I couldn't possibly agree more with this. You drove safely and then you were nice enough to go out of your way and swing back around for her stupid game. As for not talking enough during dinner, that's ridiculous. If you sat there with a sullen look on your face and were rude to everyone that's not okay, but just not super talkative? Please.

I think you should tell her tonight that A)You take back your apology. You drove safely and that's nothing to apologize for and so you won't anymore. B)You will be sleeping in your own bed tonight and C)If she continues to use the silent treatment as a way to deal with disagreements it will seriously harm your marriage. 

Then go about your usual business. It will be up to her to decided what she wants to do. But it's time to set a precedent that you will not be putting up with her childish bull**** throughout your entire marriage. She thinks she's in total control and what she says is gospel...time to let her know that's simply not true.


----------



## EveningThoughts (Jul 12, 2018)

I think I know the game you mean, my youngest plays it.
So as the driver I try to help out sometimes.
But, no way would I accept a reaction from him, like you have accepted from your wife!
He would have lost his phone for a week.

Was she a spoilt child?

Just don't join her in her emotional games.
Sleep in your own bed.
Stop apologising.
Stay dignified.
Let her come round in her own time.
You ***** footing around her, emphasises for her, that she has grounds for sulking. It's like fuel for her.

You need to be a bit more aloof for awhile.


----------



## Tasorundo (Apr 1, 2012)

Get back in your bed, if she wants to be a child, she can sleep on the couch.


----------



## SunCMars (Feb 29, 2016)

Hmm.

This post makes me want to fling labels, just to see which one, ones, stick.

Stand back!

Let's see:

Passive/aggressive?
She is anxious, maybe depressive?
Some level of Autistic, on the spectrum behavior?
Less so, bi-polar, more so, borderline personality disorder?

She is actively displaying escapism. 

How? By losing herself in games, and by trying to rid herself of you.
Rid herself of you by driving you mad, with you then getting fed up and going, going, gone.

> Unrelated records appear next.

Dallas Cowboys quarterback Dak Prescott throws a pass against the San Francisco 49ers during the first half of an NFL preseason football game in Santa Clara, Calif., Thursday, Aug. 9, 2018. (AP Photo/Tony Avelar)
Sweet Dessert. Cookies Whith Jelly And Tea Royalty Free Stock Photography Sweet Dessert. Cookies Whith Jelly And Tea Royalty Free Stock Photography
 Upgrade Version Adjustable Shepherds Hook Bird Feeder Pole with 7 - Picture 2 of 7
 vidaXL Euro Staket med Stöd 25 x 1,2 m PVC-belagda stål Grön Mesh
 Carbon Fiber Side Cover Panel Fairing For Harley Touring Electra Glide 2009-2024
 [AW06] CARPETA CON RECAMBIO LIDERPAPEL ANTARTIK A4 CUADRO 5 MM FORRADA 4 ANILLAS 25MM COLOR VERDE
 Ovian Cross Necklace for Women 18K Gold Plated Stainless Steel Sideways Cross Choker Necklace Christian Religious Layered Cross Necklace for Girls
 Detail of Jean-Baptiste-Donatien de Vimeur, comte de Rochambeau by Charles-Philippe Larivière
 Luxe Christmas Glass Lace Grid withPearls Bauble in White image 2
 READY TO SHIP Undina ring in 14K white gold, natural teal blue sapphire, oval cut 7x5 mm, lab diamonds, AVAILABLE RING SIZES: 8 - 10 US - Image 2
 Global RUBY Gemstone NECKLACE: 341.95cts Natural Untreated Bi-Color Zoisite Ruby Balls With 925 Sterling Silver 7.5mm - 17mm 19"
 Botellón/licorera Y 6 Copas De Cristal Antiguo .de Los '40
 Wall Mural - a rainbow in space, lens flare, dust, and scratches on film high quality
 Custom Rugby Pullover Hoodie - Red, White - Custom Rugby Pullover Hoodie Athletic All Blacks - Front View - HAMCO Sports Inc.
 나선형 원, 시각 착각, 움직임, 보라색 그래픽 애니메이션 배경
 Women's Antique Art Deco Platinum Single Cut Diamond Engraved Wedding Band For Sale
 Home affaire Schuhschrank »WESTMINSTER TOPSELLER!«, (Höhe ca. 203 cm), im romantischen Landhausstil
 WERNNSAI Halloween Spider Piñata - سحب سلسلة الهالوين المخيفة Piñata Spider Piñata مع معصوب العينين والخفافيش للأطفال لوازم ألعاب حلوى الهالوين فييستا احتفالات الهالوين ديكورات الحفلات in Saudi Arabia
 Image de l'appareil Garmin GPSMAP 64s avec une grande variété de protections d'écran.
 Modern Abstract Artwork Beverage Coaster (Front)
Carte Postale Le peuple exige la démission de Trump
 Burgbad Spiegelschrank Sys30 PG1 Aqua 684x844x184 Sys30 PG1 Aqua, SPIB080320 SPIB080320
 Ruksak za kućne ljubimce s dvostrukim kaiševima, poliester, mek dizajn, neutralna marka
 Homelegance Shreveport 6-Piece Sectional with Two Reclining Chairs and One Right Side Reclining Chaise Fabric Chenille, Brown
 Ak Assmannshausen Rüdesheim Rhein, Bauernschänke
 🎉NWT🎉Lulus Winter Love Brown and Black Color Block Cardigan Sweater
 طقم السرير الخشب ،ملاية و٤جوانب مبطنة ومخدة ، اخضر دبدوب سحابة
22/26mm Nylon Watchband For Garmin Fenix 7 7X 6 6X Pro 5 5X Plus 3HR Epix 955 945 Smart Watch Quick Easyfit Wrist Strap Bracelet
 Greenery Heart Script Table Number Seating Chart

Think on each label, some undoubtedly libel. :frown2:
Pick one that fits. Pick two, they are all un-tasty.
@Uptown !


----------



## Tilted 1 (Jul 23, 2019)

I can hardly say more than others have said, except quit being a codependent, pushover. Do and say what you want. But she's got someone else she's giving her love too. Your just the ATM and give her what she wants stability. Your plan B, and besides your a Beta man, without any Alpha towards her. Time to change.


----------



## Diceplayer (Oct 12, 2019)

Yep, I agree with what the others have said. You married a princess and she is throwing a hissy fit because she didn't get her way. She treats you this way because she knows she can get by with it. She doesn't respect you and that sir is a huge deal. My wife has treated me this way on a few occasions and every time we have had it out right then and there. I won't put up with disrespect and you should not either. If you do, things will continue to get worse. Go back to your bed. She has no right to kick you out of bed or out of the house. If she wants the couch, then so be it.


----------



## Yeswecan (Jul 25, 2014)

Passive aggressive behavior is abuse. No, you don't get you WW anger over a stupid game. Your W needs IC for her anger issues. Stop gaming.


----------



## Yeswecan (Jul 25, 2014)

Let me guess...Pokemon Go?


----------



## ButtPunch (Sep 17, 2014)

Please read the book No More Mr. Nice Guy by Robert Glover


----------



## Marduk (Jul 16, 2010)

This is not about fighting, or anything you did right or wrong, or even about you at all. It’s actually about power.

She’s doing this because you allow it to control you. It’s actually emotionally abusive behaviour. I like to call it emotional terrorism. The key to dealing with terrorists is to not negotiate with them at all.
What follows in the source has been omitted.